Unwittingly, my friend and I had been picking up relationship advice from marriage experts for a year. And I don’t mean relationship counsellors – rather, we had spent the past 12 months talking to grandmothers from all across the world.
The Grand Dishes project, soon to be published as a book, began as a personal quest to finally gather all of my Greek grandmother’s recipes, interspersed with her insights (sometimes philosophical, other times blunt and cutting) on life. Having discussed the idea with my friend Iska, whose German granny is equally gifted in the kitchen, we set about cooking with as many grandmothers as we could find.

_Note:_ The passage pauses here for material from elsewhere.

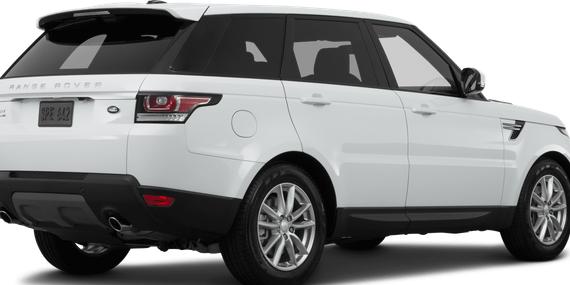 LAND ROVER RANGE ROVER SPORT 2016 SALWR2PF6GA657968 image LAND ROVER RANGE ROVER SPORT 2016 SALWR2PF6GA657968 image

We started with our networks. We put feelers out, asking friends if they had a special granny we might be able to spend a day in the kitchen with. Soon enough, people got wind of what we were doing and started to reach out to us. Over the course of the next few months we travelled to Greece, France, Spain, Italy, Croatia and Poland. We cooked with grannies of all ages, backgrounds and ethnicities, often for a weekend at a time, and picked up far more than just culinary tips.
We looked to these grandmothers for the answers that we haven’t lived long enough to give to each other
Fast forward a year, and we were sat eating Colombian Ajiaco with Abuela Gloria and her English husband John, at their farmhouse in Wales. My fat, salty, tears mingled with the rich flavours of the soul-filling chicken soup that Gloria had cooked. I was crying again – this time because of the way that John looked at Gloria and how highly she spoke of him. They still acted like teenagers, even after 50 years of marriage. I cried with happiness for them, but also a fear that I might never find what they have.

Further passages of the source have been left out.